Task requirements:
Restate all of the entries exactly, dropping any pictures they hold.

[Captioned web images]
= Beginning of Section =

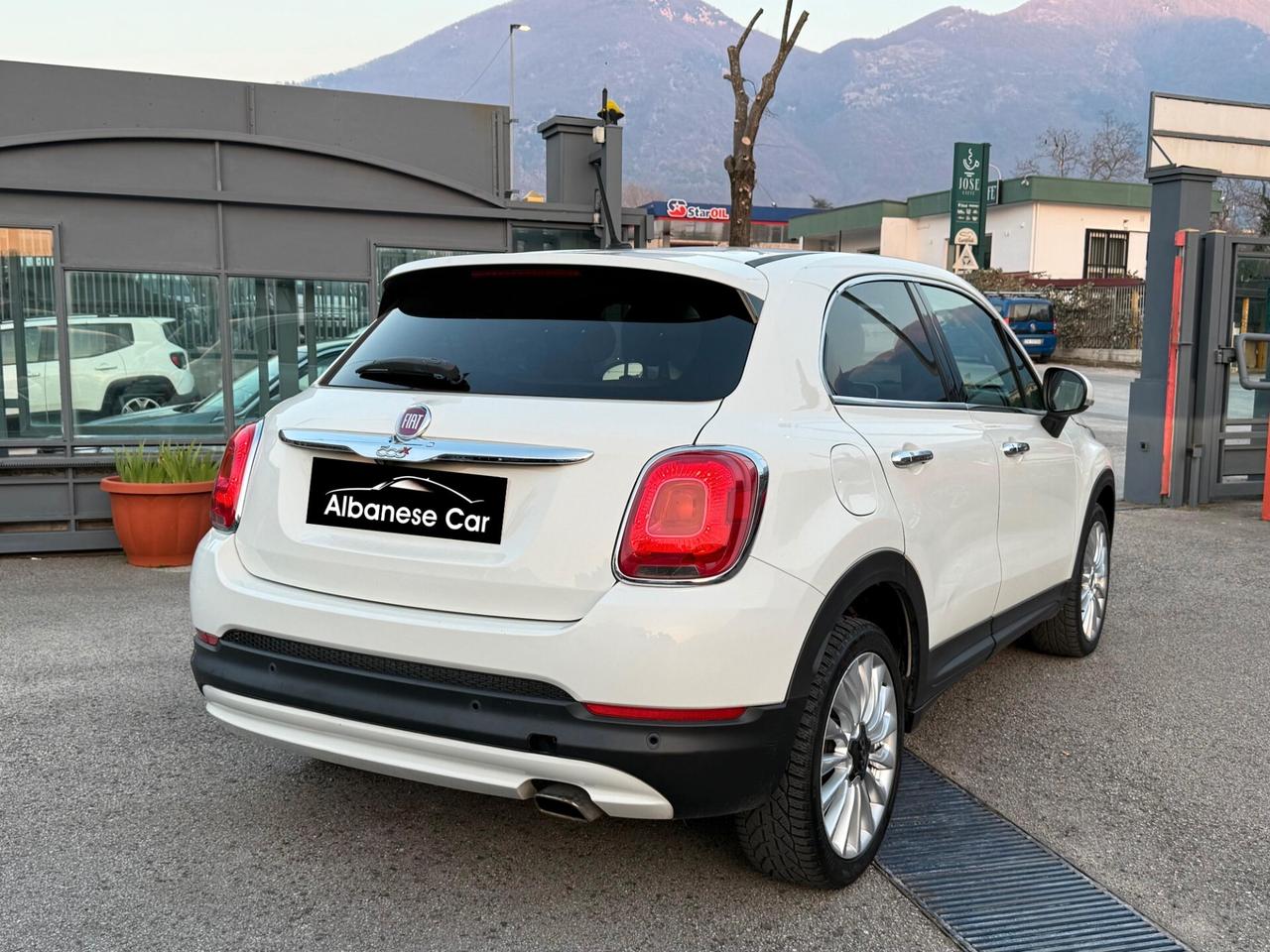 Fiat 500X 1.6 MJT 120 CV Lounge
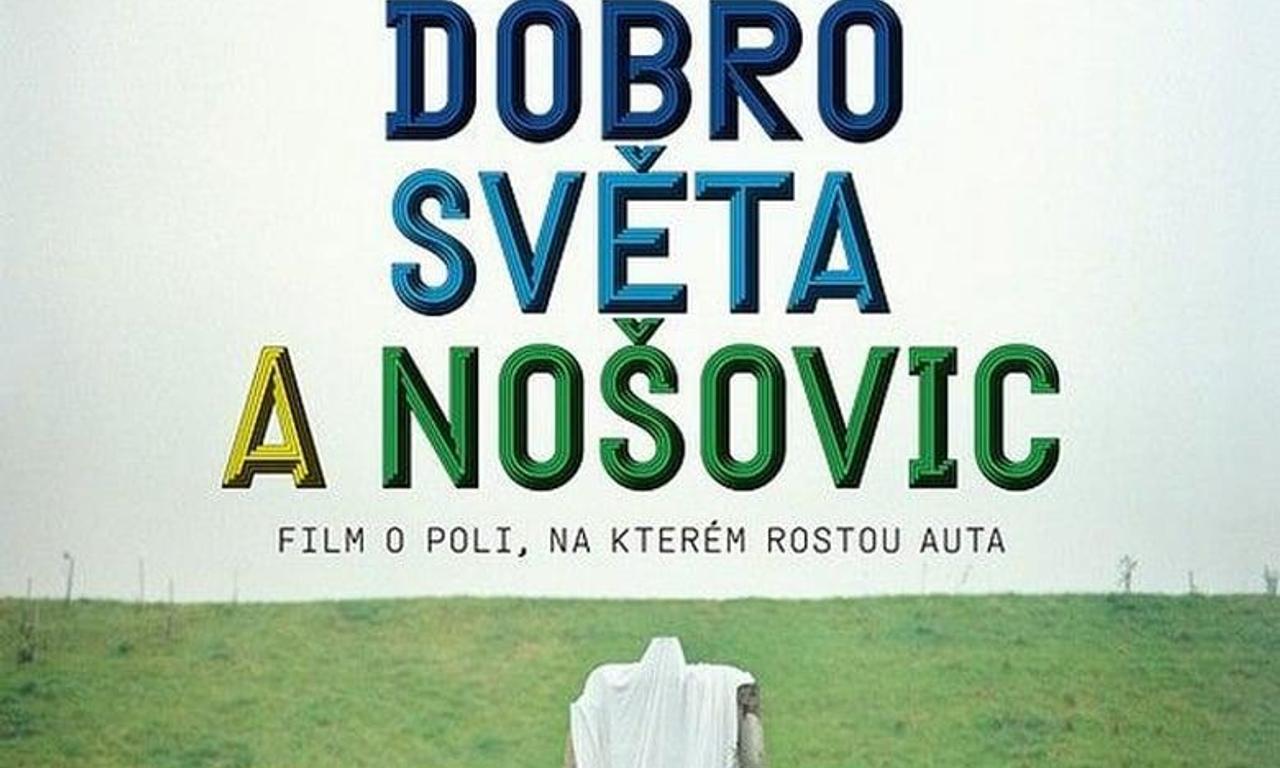 header image for All for the good of the World and Nosovice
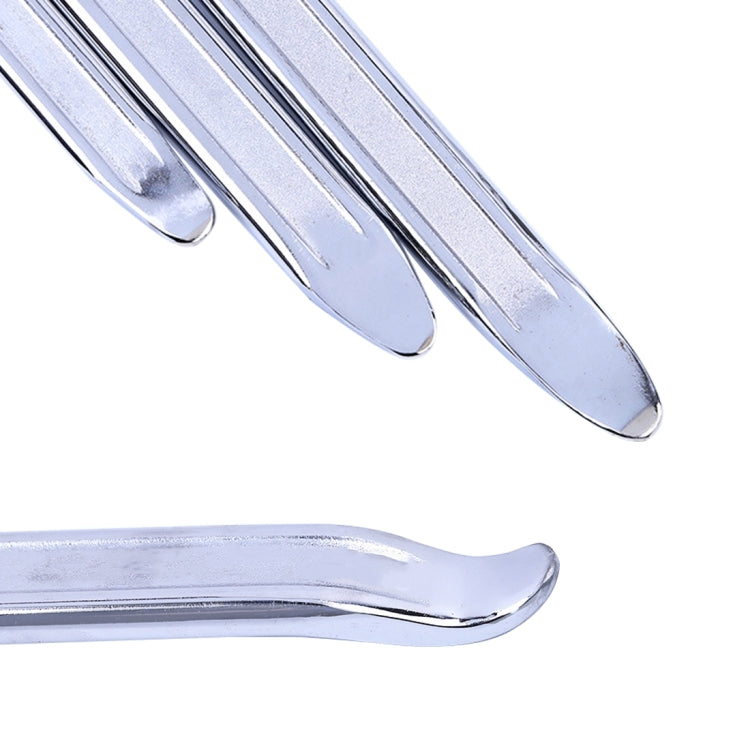 12 inch Stainless Steel Tyre Disassemble Crowbar Repairing Tool - Tire Repair & Installation Tools by PMC TechLife | Online Shopping South Africa | PMC TechLife | Buy Now Pay Later Mobicred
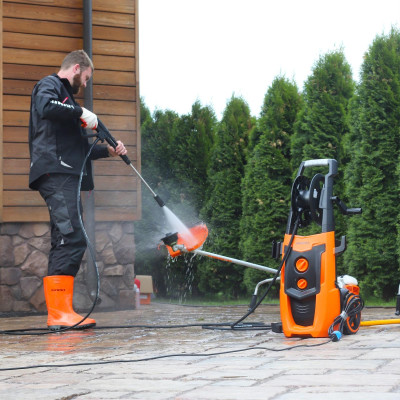 Мойка высокого давления PATRIOT GT 970 Imperial (322306097)-22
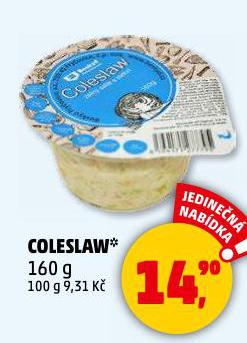COLESLAW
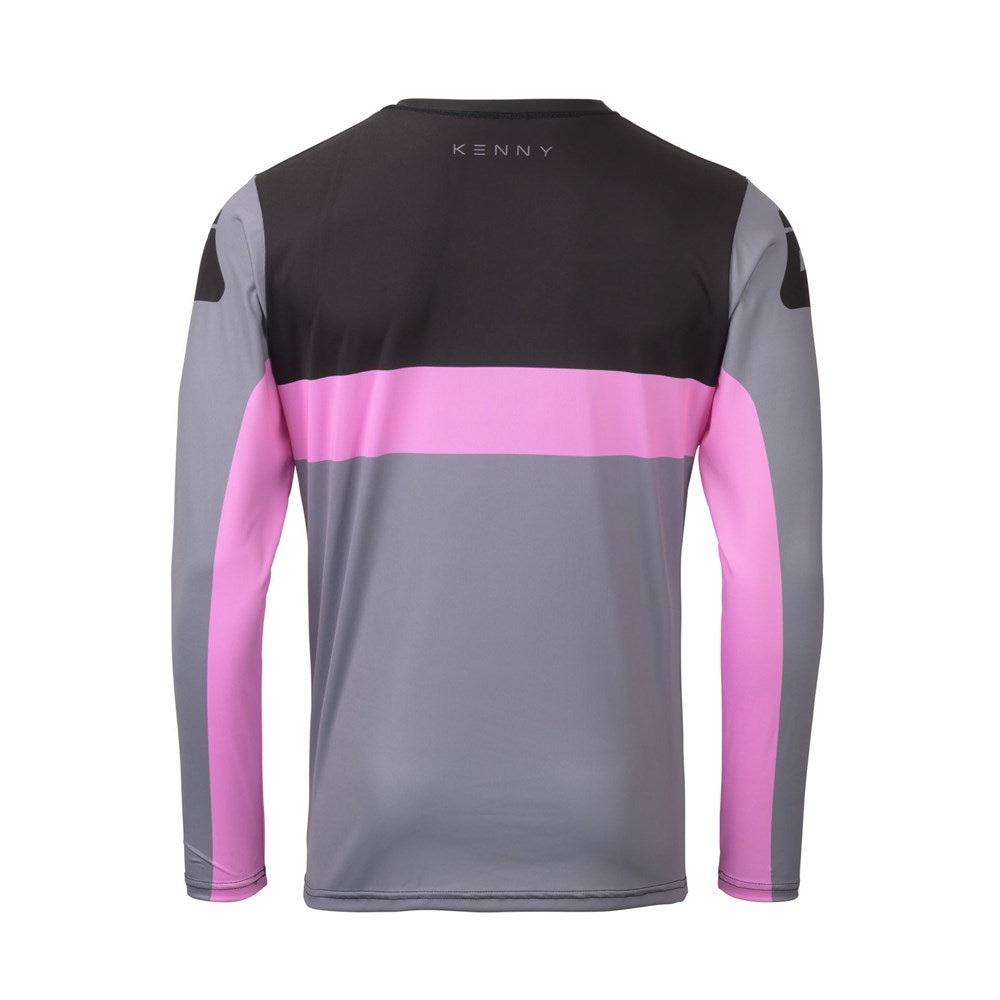KENNY Jersey Elite Pink L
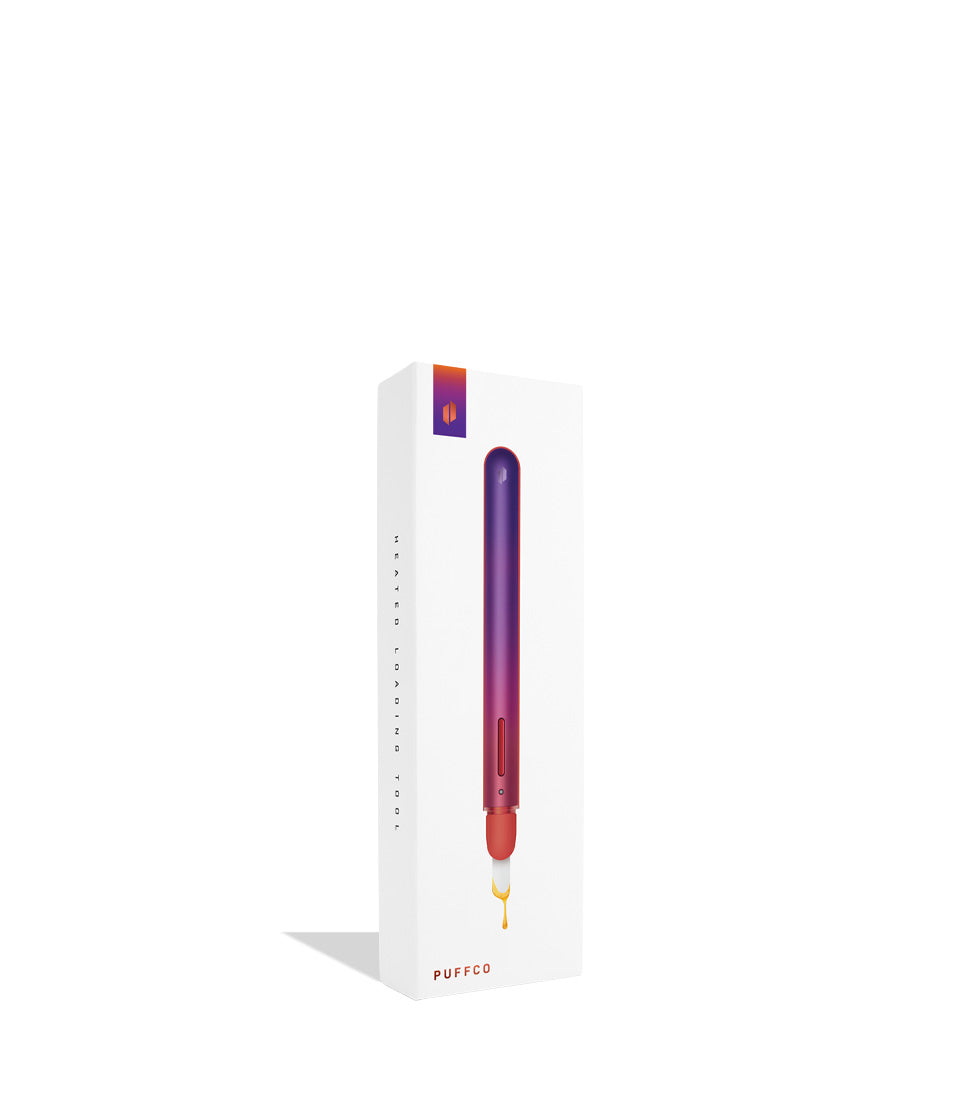 Puffco Limited Edition Plasma hot knife retail box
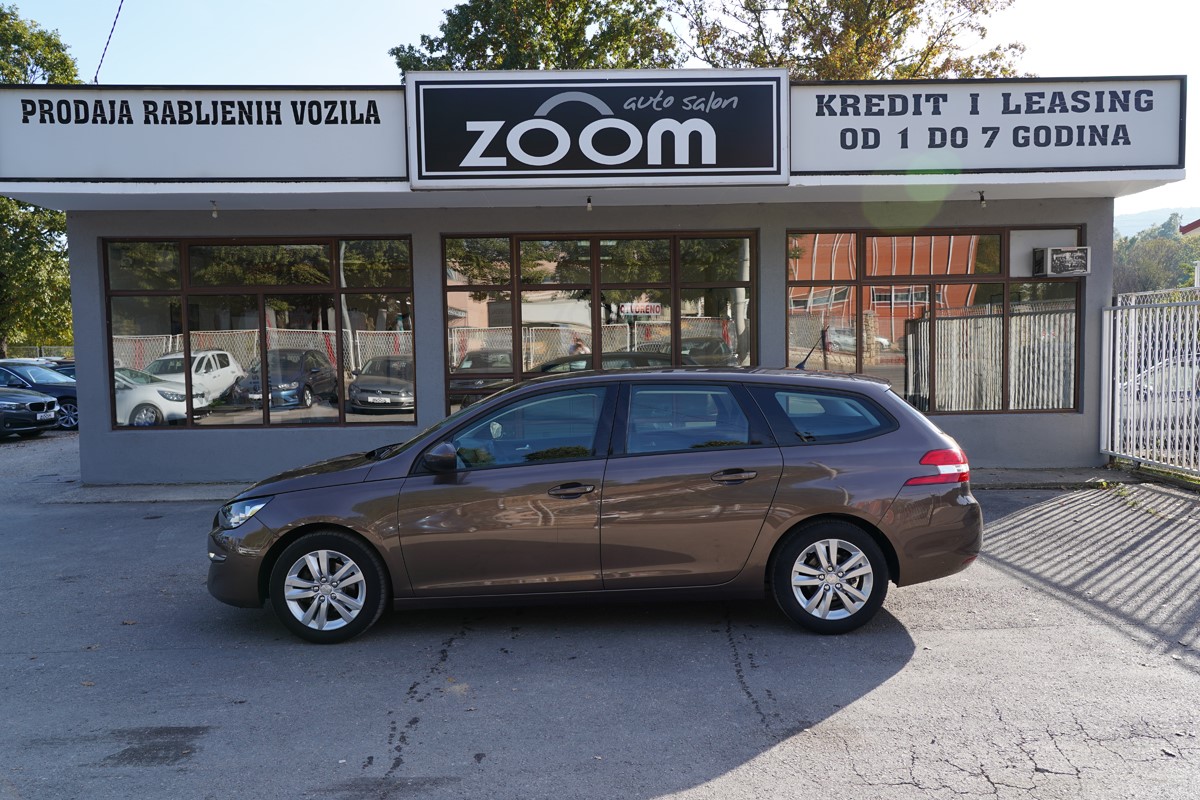 Peugeot 308 1,6 HDI SW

= End of Section =

Exercise solution:
 Fiat 500X 1.6 MJT 120 CV Lounge
 header image for All for the good of the World and Nosovice
 12 inch Stainless Steel Tyre Disassemble Crowbar Repairing Tool - Tire Repair & Installation Tools by PMC TechLife | Online Shopping South Africa | PMC TechLife | Buy Now Pay Later Mobicred
 Мойка высокого давления PATRIOT GT 970 Imperial (322306097)-22
COLESLAW
KENNY Jersey Elite Pink L
 Puffco Limited Edition Plasma hot knife retail box
 Peugeot 308 1,6 HDI SW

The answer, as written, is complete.